Flawed oil contract is giving up more than investment bank likely  to generate in future returns

Dear Editor,

On Thursday October 18th, 2018 the Stabroek News published an article entitled `Merrill Lynch interested in sovereign wealth fund’. The investment world has taken notice of the potential wealth that lays offshore in Guyana. The government should study the history of those who seek to bestow advice on how to manage Guyana’s potential windfall. The flawed oil contract is giving up more than an investment bank is likely to generate in future returns.
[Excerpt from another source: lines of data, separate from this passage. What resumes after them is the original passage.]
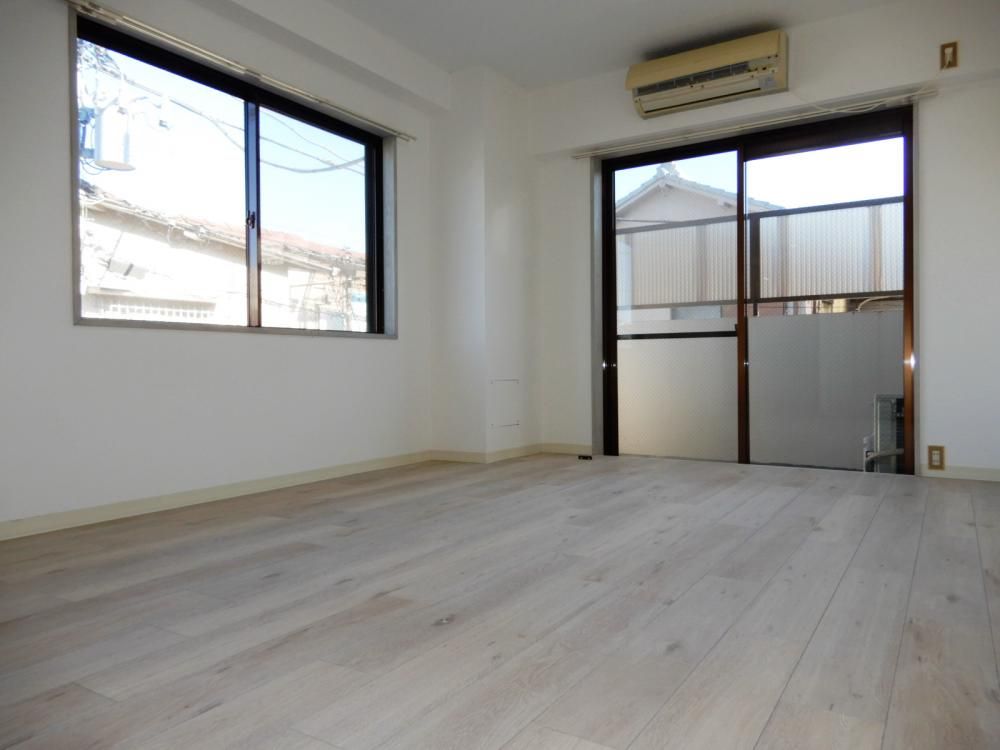 �y�Q���z�@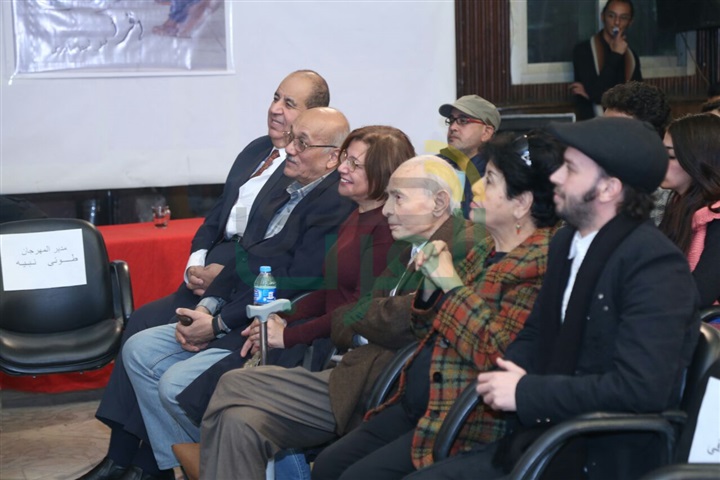 بالصور.. تكريم نجوم الفن بمهرجان يوسف شاهين للأفلام الروائية القصيرة بالصور.. تكريم نجوم الفن بمهرجان يوسف شاهين للأفلام الروائية القصيرة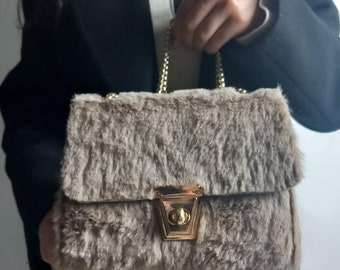 1 Luxury Design Brown Plush Bag: Gold Chain Detailed Hand & Shoulder Bag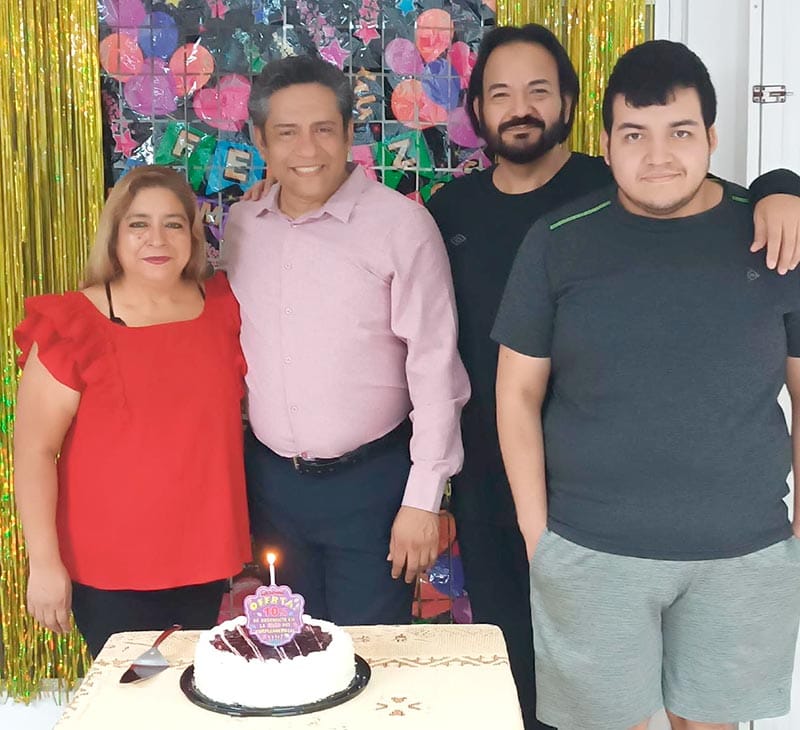 ERNESTO MARCIAL MARTÍNEZ CELEBRA SU CUMPLEAÑOS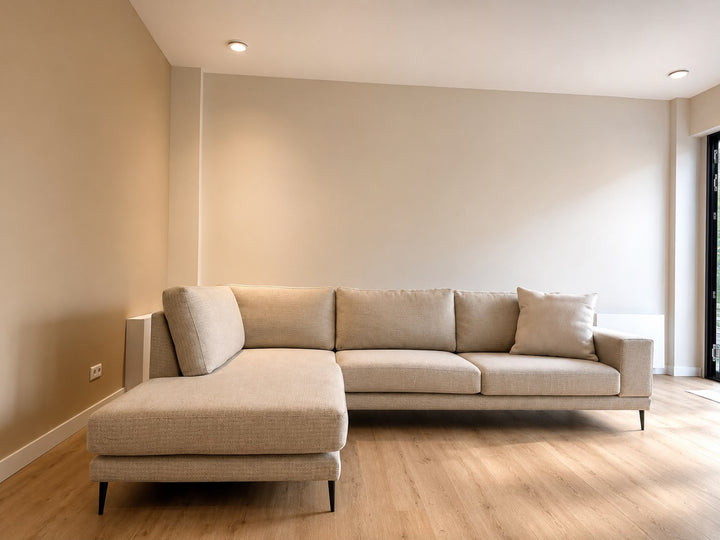 Volledig vernieuwde luxe hoekbank – Beige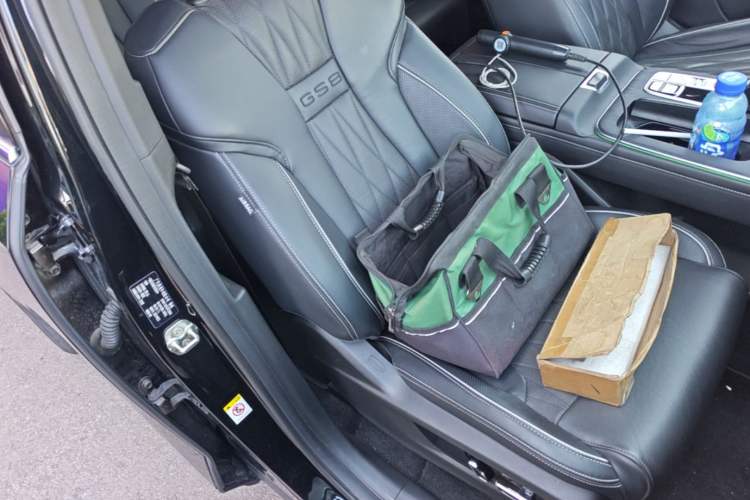 Used GAC Trumpchi GS8 2022 LINGHANG Series 2.0 TGDI Two-Wheel-Drive Luxury Edition (7 Seats) Right Front Seat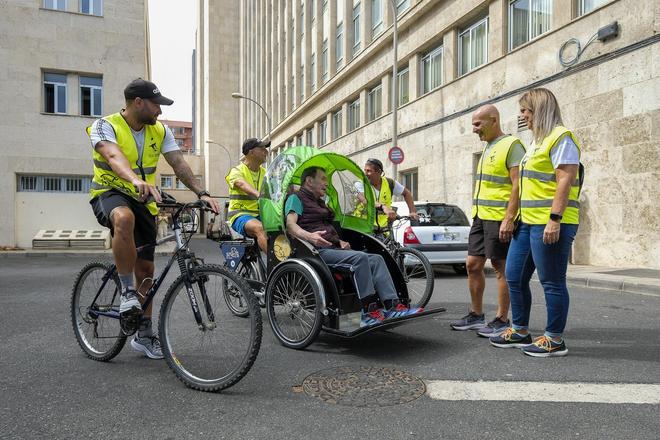 Paseo en bici dentro del proyecto 'Sítycleta Sin Límites'.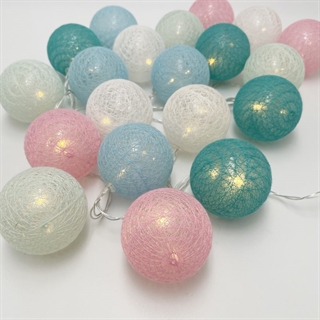 LED lyskæde med bomuldsbolde i pastelfarver – 3 m, 20 bolde, Ø 6 cm
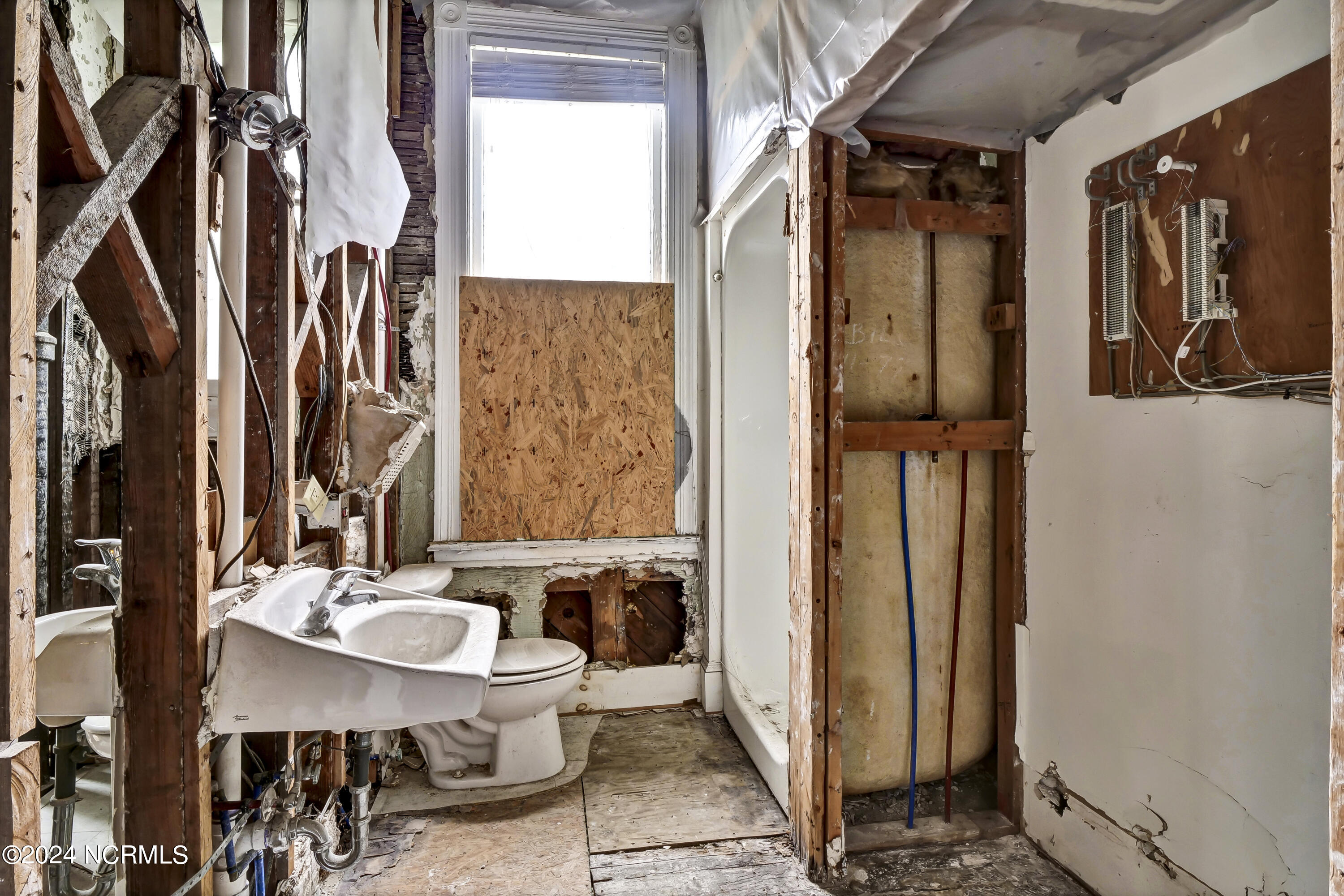 100472145 | Photo 29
There are generally three items that determine the size of your portfolio at the end of an investment period:

1. The skill of the money manager

2. The length of time the money stays invested

3. The amount you invest

Let’s look at history to see if Merrill Lynch has demonstrated it is a skilled money manager. There are few who possess the skills to manage money to beat an index fund such as the S&P 500. Investing in the stock market is a zero-sum game, so you have to be highly skilled and experienced to gain an advantage against other players. This is the reason why the greatest investor that ever lived, Warren Buffett, has told folks to invest their money in index funds.

Merrill Lynch lost more than US$40 billion during the financial crisis that started in 2007. It eventually lost the confidence of its trading partners and its survival came into question. Thus, Merrill Lynch sold itself to Bank of America in 2008.  In 2011, Bank of America ran into trouble and needed US$5 billion of capital from Warren Buffett to calm worried shareholders. For being their saviour, Buffett got the right to buy Bank of America shares at US$7. Now, those shares are worth about US$28. That is quadrupling his money in about 7 years. It would seem logical that the government should seek to have Warren Buffett to invest its money before it gives any money to the Merrill Lynch or its parent, Bank of America.

As for the length of time the money has to compound. Guyana is a few years away from receiving funds that it can place in a sovereign fund.  Buffett is only promising his shareholders 6% annual returns. After inflation and management fees from an investment bank, the expected returns may be a paltry 3% for a sovereign fund. That doesn’t leave much room to use the money without depleting the principal. The money compounding at a low rate of return will not do much to increase the size of the fund irrespective of the time it is held in the fund.

That brings us to the last point, the amount of money you have to invest. At the moment, Guyana stands to reap much less, percentage-wise, than what other nations have received from their oil contracts. This is shown in the ‘3b. Progressivity’ chart from the IMF report, a summary was published on December 24th, 2017 in Stabroek News.  To have a big sovereign wealth fund that can serve the needs of the nation for generations, Guyana needs to start with a large amount. 

 Extreme poverty is defined as living on less than US$1.90 a day. About 19% of Guyanese live on this amount. That is less than a Wall Street banker pays for coffee. Instead of receiving crumbs from the contract, it would be more prudent to renegotiate for a larger share of the oil revenues.  It is better to start with a larger share of the pie than pin your hopes on future returns.